De este modo, el Gobierno pretende ahorrar unos 5.000 millones de euros de aquí a 2027. Es decir, apenas 350 millones al año de los 110.000 millones que, en total, cuestan las pensiones públicas al contribuyente. Resulta evidente, por tanto, que tales limitaciones en ningún caso solventarán la insostenibilidad de la Seguridad Social a corto o medio plazo. Tan sólo suponen un parche más para mantener en pie un edificio cuyos cimientos son de barro. En este sentido, ni el retraso de la edad de jubilación general a los 67 años, ni el aumento del período de cotización ni, mucho menos, la restricción de la jubilación anticipada y parcial lograrán enderezar un sistema condenado al más absoluto fracaso.
Resulta sorprendente que, pese a la incuestionable inviabilidad de la Seguridad Social, el Gobierno insista en tratar de convencer a la opinión pública de que las pensiones cuentan con unos "cimientos sólidos", cuando el modelo es retocado una y otra vez para evitar que colapse. Y es que la única receta que ofrece el Estado para mantener el actual sistema de reparto consiste en reducir las pensiones de forma progresiva y retrasar la edad de jubilación, al tiempo que mantiene unas cotizaciones sociales absolutamente confiscatorias y sigue subiendo los impuestos para sufragar las prestaciones no contributivas.
Por ello, es un error histórico que el Ejecutivo, ahora del PP y antes del PSOE, insista en sostener con pinzas un sistema que, en todo caso, condena a los pensionistas a un empobrecimiento creciente, a los trabajadores a un retiro cada vez más tardío y a las empresas a padecer una presión fiscal desproporcionada. La clave de este importante debate no estriba en cómo parchear un modelo que hace aguas por todos lados, sino en sustituir por completo el fracasado sistema de reparto por otro de capitalización, tal y como han hecho con resultados excelentes muchos países, como Chile, Suecia o buena parte de los encuadrados antaño en la Europa comunista.

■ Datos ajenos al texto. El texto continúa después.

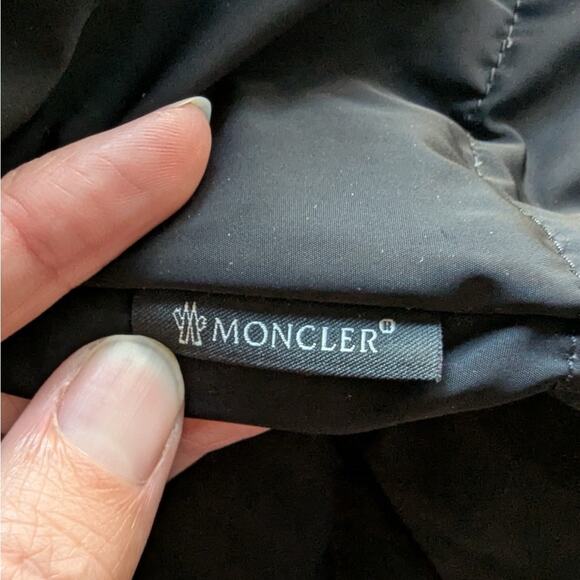 Moncler Lobelia Down Puffer Coat size S Quilted Black Bell Sleeves Midi - Picture 13 of 16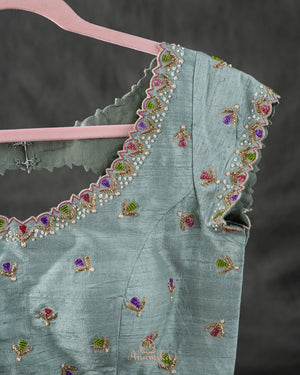 Tissue organza saree with hand painted floral appliq work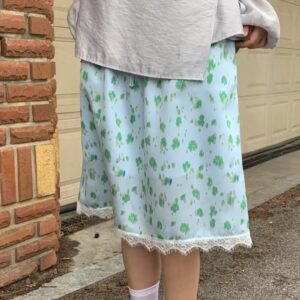 豹紋鬆緊腰綁帶蕾絲裙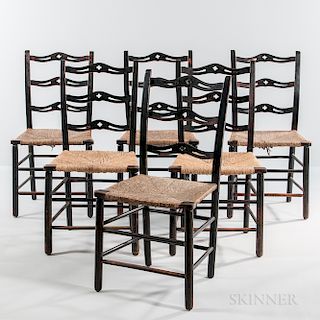 Set of Six Black-painted Ribbon-back Side Chairs
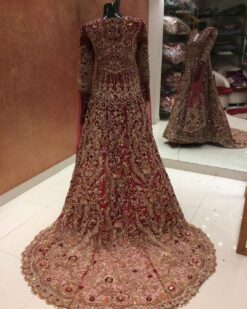 RED VELVET LONG TRAIL BRIDAL GOWN WITH HANDWORK - DN-1987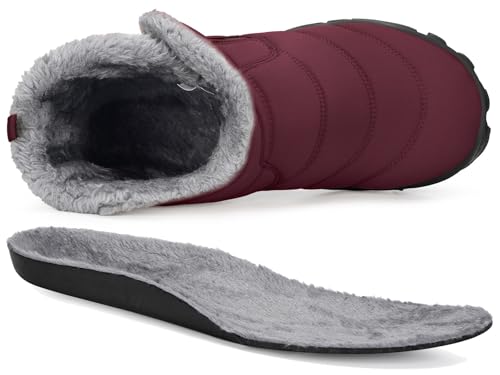 Miniatura 3 de Barefoot Botas Hombre Mujer Invierno Cálido Botines De Nieve Cómodas Minimalista Zapatos Para Zero Drop Soles, Rojo Vino, 40 Eu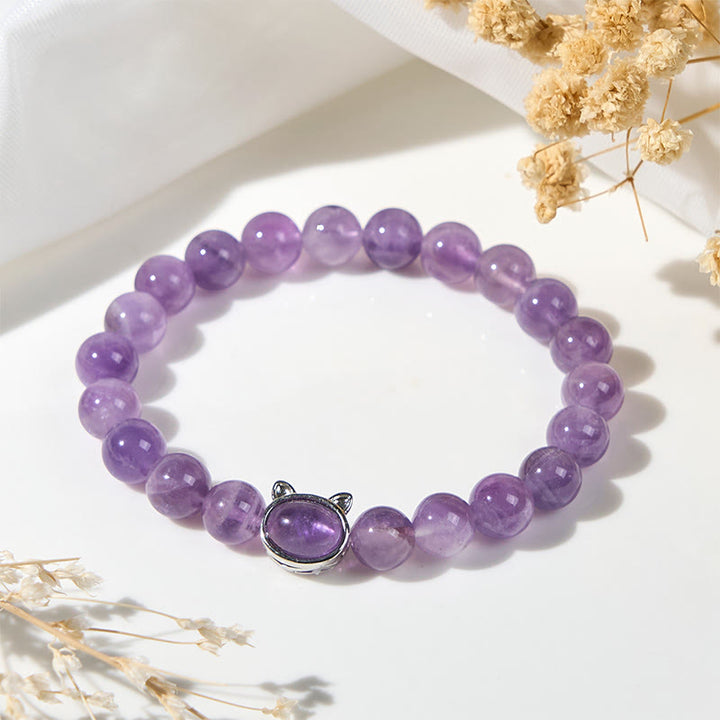 Braccialetto curativo con perline di ametista naturale Buddha Stones a forma di gatto - image 2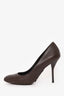 Gucci Brown Leather Almond Toe Pumps Size 36.5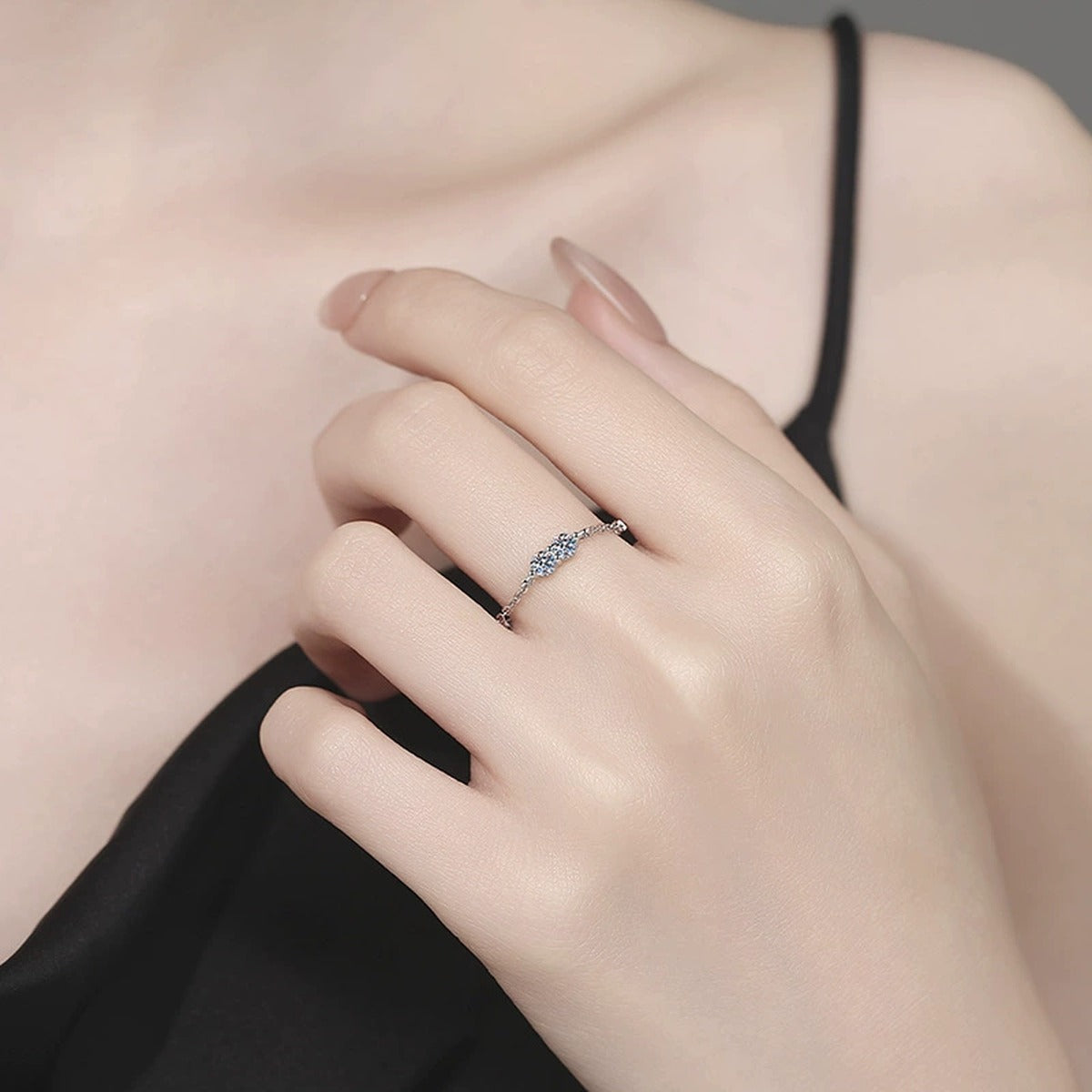 Two stone Moissanite Band Ring in White Gold-Plated S925 Sterling Silver worn by model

La capitalización de las pensiones permitiría a los trabajadores decidir voluntariamente su edad de jubilación y garantizaría unas pensiones mucho más elevadas que las actuales prestaciones de cuasi subsistencia que impone el Estado, ya que cada trabajador ahorraría para su futuro retiro invirtiendo su dinero en activos capaces de generar una elevada rentabilidad. La clave no está en cuánto retrasar la edad de jubilación o en cómo recortar las futuras pensiones, como exige el sistema vigente, sino en cuándo afrontar con seriedad, realismo y de una vez por todas el imprescindible cambio de modelo.